Reputed to have been buried here (amongst the many others), the date is the date of death:
- François Chabot (April 5, 1794)
- Georges Jacques Danton (April 5, 1794)
- Camille Desmoulins (April 5, 1794)
- Philippe Fabre d'Églantine (April 5, 1794)
- Marie-Jean Hérault de Séchelles (April 5, 1794)
- Jean-François Lacroix (April 5, 1794)
- François Joseph Westermann (April 5, 1794)
- Pierre Gaspard Chaumette (April 13, 1794)
- Lucile Duplessis (April 13, 1794), widow of Camille Desmoulins
- Marie Marguerite Françoise Hébert (April 13, 1794), widow of Jacques Hébert
- Antoine-Laurent de Lavoisier (May 8, 1794)
- Madame Élisabeth (May 10, 1794), sister of Louis XVI and Louis XVIII
- François Hanriot (July 28, 1794)
- Maximilien Robespierre (July 28, 1794)
- Louis Antoine de Saint-Just (July 28, 1794)
- Georges Couthon (July 28, 1794)
- Antoine Simon (July 28, 1794)

Famous others:
- Charles-Gilbert Romme (May 20, 1795), after committing suicide, before he could be guillotined. He was a mathematician who is regarded as the father of the Revolutionary calendar.
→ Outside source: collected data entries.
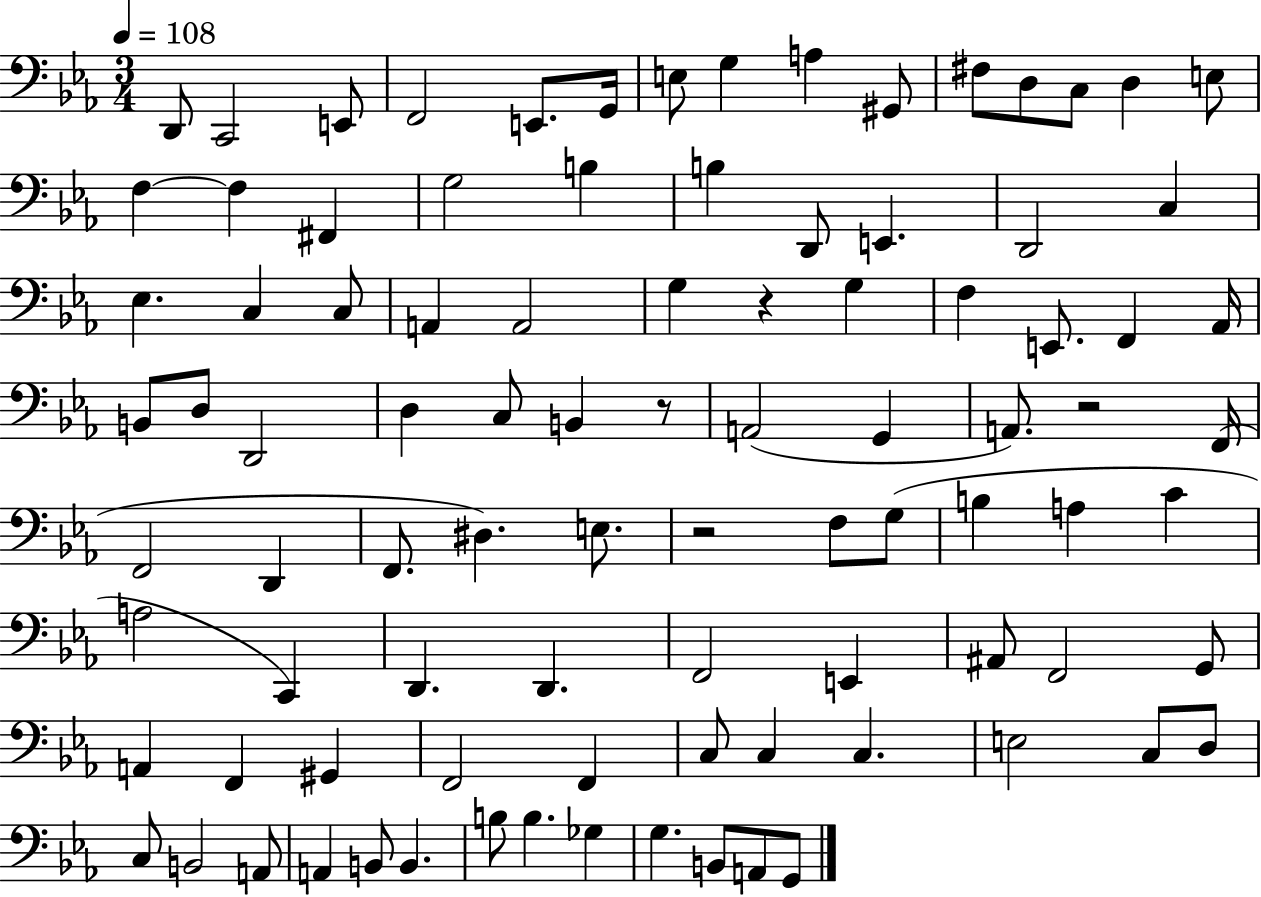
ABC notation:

X:1
T:Untitled
M:3/4
L:1/4
K:Eb
D,,/2 C,,2 E,,/2 F,,2 E,,/2 G,,/4 E,/2 G, A, ^G,,/2 ^F,/2 D,/2 C,/2 D, E,/2 F, F, ^F,, G,2 B, B, D,,/2 E,, D,,2 C, _E, C, C,/2 A,, A,,2 G, z G, F, E,,/2 F,, _A,,/4 B,,/2 D,/2 D,,2 D, C,/2 B,, z/2 A,,2 G,, A,,/2 z2 F,,/4 F,,2 D,, F,,/2 ^D, E,/2 z2 F,/2 G,/2 B, A, C A,2 C,, D,, D,, F,,2 E,, ^A,,/2 F,,2 G,,/2 A,, F,, ^G,, F,,2 F,, C,/2 C, C, E,2 C,/2 D,/2 C,/2 B,,2 A,,/2 A,, B,,/2 B,, B,/2 B, _G, G, B,,/2 A,,/2 G,,/2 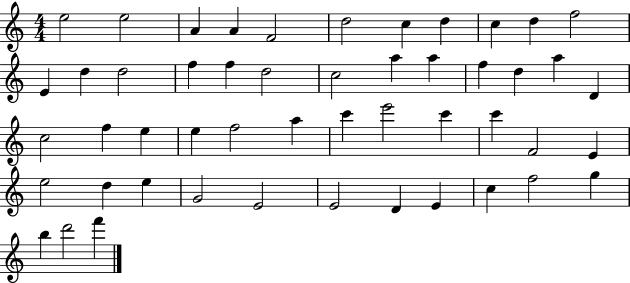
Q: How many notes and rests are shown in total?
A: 50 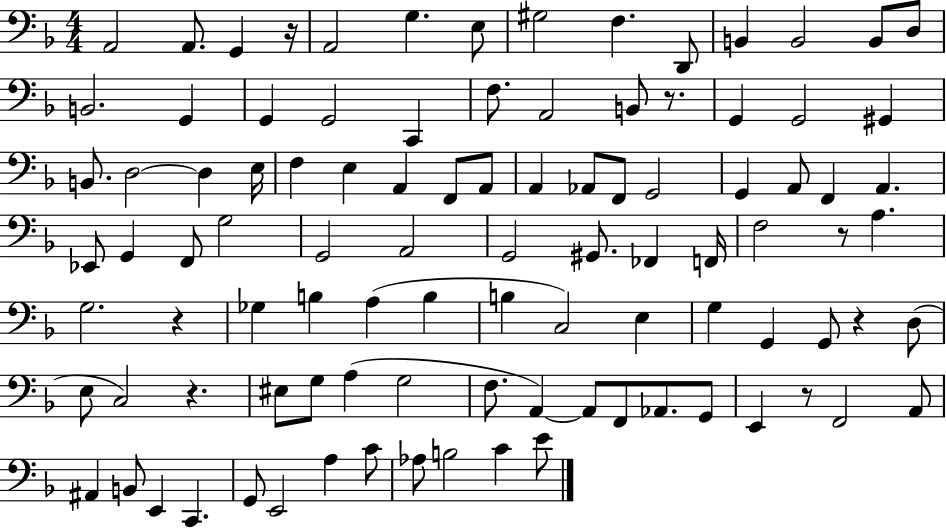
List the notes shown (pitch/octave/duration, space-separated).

A2/h A2/e. G2/q R/s A2/h G3/q. E3/e G#3/h F3/q. D2/e B2/q B2/h B2/e D3/e B2/h. G2/q G2/q G2/h C2/q F3/e. A2/h B2/e R/e. G2/q G2/h G#2/q B2/e. D3/h D3/q E3/s F3/q E3/q A2/q F2/e A2/e A2/q Ab2/e F2/e G2/h G2/q A2/e F2/q A2/q. Eb2/e G2/q F2/e G3/h G2/h A2/h G2/h G#2/e. FES2/q F2/s F3/h R/e A3/q. G3/h. R/q Gb3/q B3/q A3/q B3/q B3/q C3/h E3/q G3/q G2/q G2/e R/q D3/e E3/e C3/h R/q. EIS3/e G3/e A3/q G3/h F3/e. A2/q A2/e F2/e Ab2/e. G2/e E2/q R/e F2/h A2/e A#2/q B2/e E2/q C2/q. G2/e E2/h A3/q C4/e Ab3/e B3/h C4/q E4/e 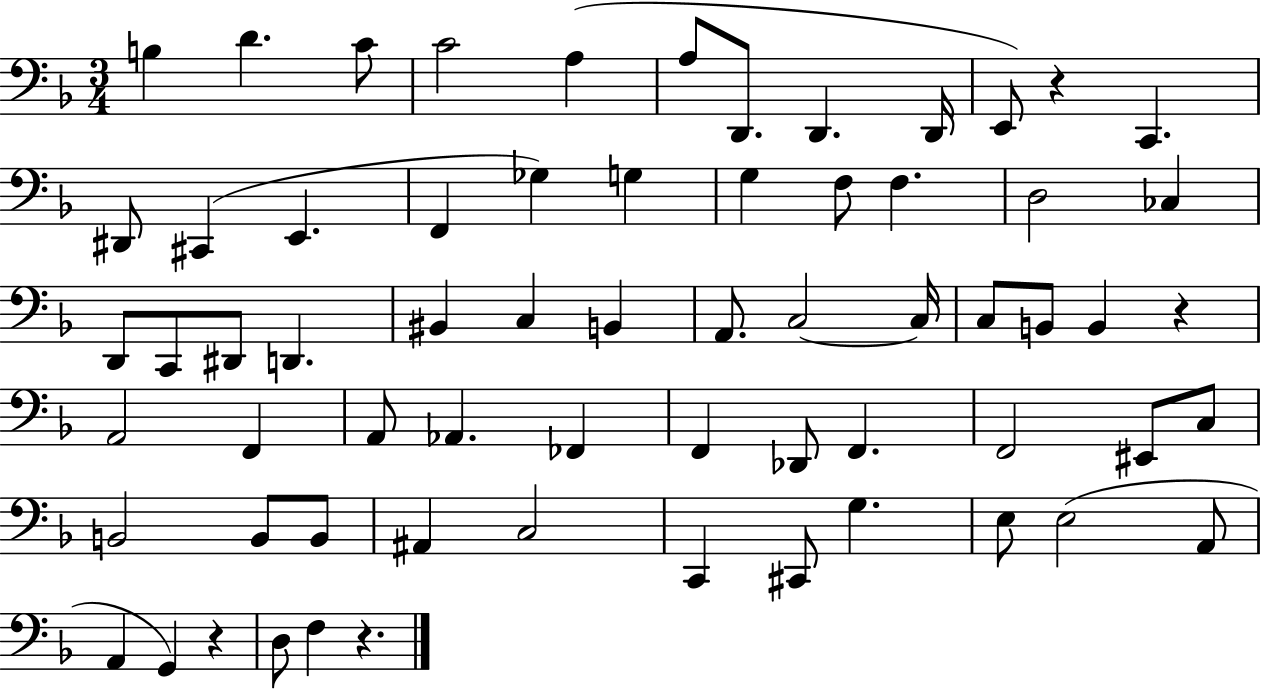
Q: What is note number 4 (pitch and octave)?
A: C4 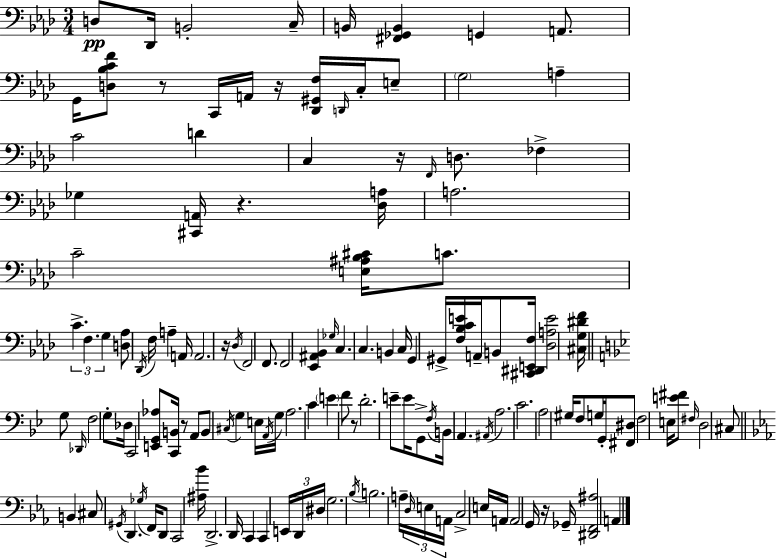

==After the French Revolution==
As with the Madeleine Cemetery, the bodies decomposed to a state where they could no longer be identified, this to the dismay of Louis XVIII, who came looking for the remains of his sister, Madame Élisabeth, in 1815. The skeletal remains were moved to the Catacombs of Paris between 1844 and 1859 (probably around 1848) when the Boulevard de Courcelles was constructed. Unlike the other major revolutionary cemetery—the Madeleine Cemetery—there is no plaque in the Catacombs to indicate the location of the transferred bones.

==Notes==
The literal translation of Cimetière des Errancis is Cemetery of the Wandering.

The cemetery is reputed to have had a sign saying: Dormir. Enfin!, French for: To sleep. At last!.

The cemetery was also known as the resting place of les estropiés, French for the maimed.

The site was originally destined to become a charnier (charnel house).